Short text fragments from websites
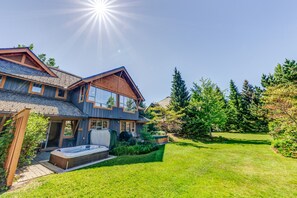 A two-story house with a hot tub in the front yard.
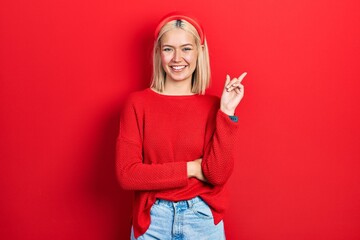 Canvas Print - Beautiful blonde woman wearing casual red sweater with a big smile on face, pointing with hand and finger to the side looking at the camera.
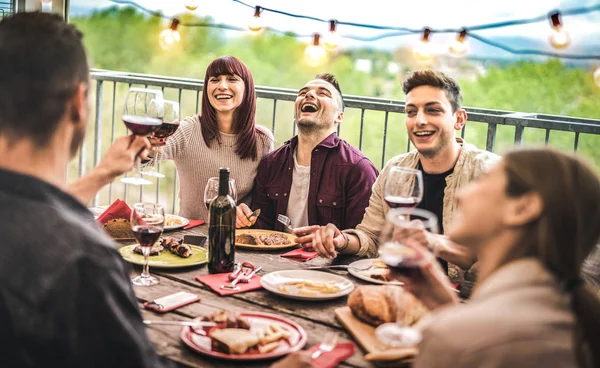 Jovens amigos se divertindo bebendo vinho tinto na varanda penthouse jantar - Pessoas felizes comendo comida bbq em restaurante alternativo fantasia juntos - Dinning lifestyle concept on warm vintage filter — Fotografia de Stock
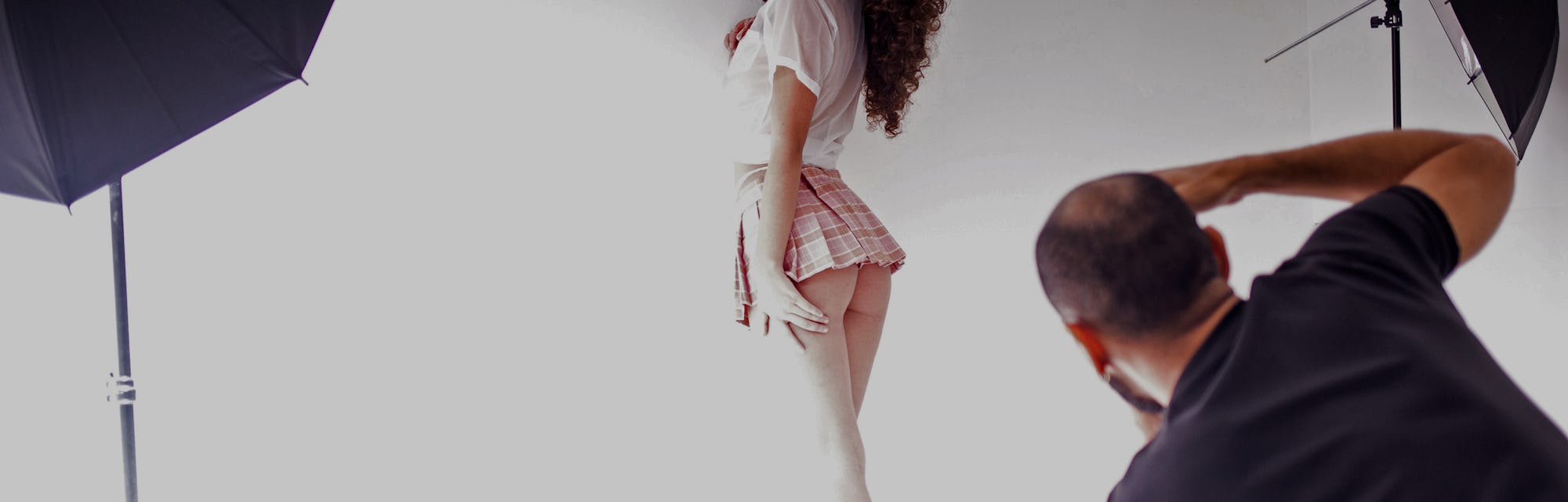 Valery Lopez poses for pictures with photographer Michael Davis (R) during a photoshoot to make cont...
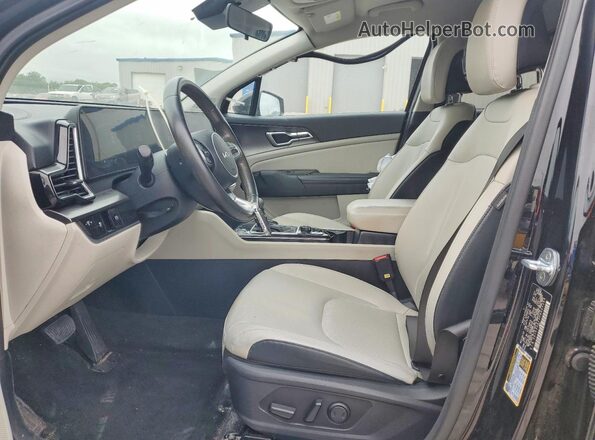 5XYK33AF3PG025399 2023 KIA SPORTAGE Black Widok wnętrza z przodu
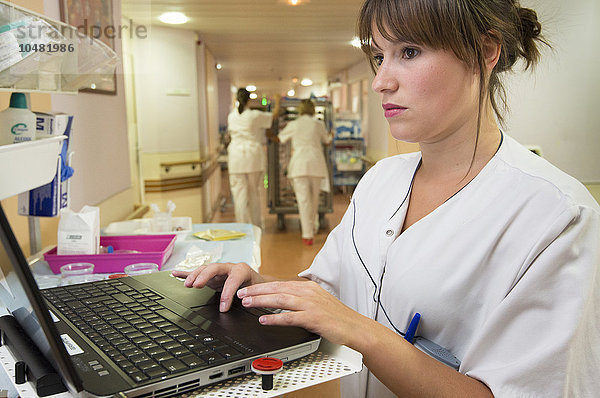 Reportage in der Geriatrie des Saint-Vincent de Paul Krankenhauses in Lille  Frankreich. Eine Krankenschwester ergänzt die Computerdatei eines Patienten in einem der Krankenhauskorridore.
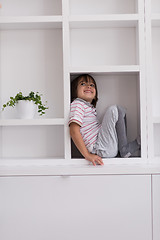 Image showing young boy posing on a shelf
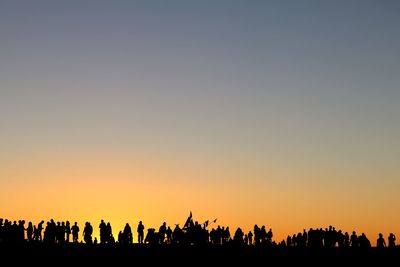 Silhouette people against clear sky during sunset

◆ **TASK INSTRUCTIONS**: Please copy exactly, and only, the lines from the one that contains "5XYK33AF3PG025399 2023 KIA" through the last line of the data above, omitting all pictures.

◆ **EXERCISE OUTPUT**:
 5XYK33AF3PG025399 2023 KIA SPORTAGE Black Widok wnętrza z przodu
 Reportage in der Geriatrie des Saint-Vincent de Paul Krankenhauses in Lille  Frankreich. Eine Krankenschwester ergänzt die Computerdatei eines Patienten in einem der Krankenhauskorridore.
 Image showing young boy posing on a shelf
 Silhouette people against clear sky during sunset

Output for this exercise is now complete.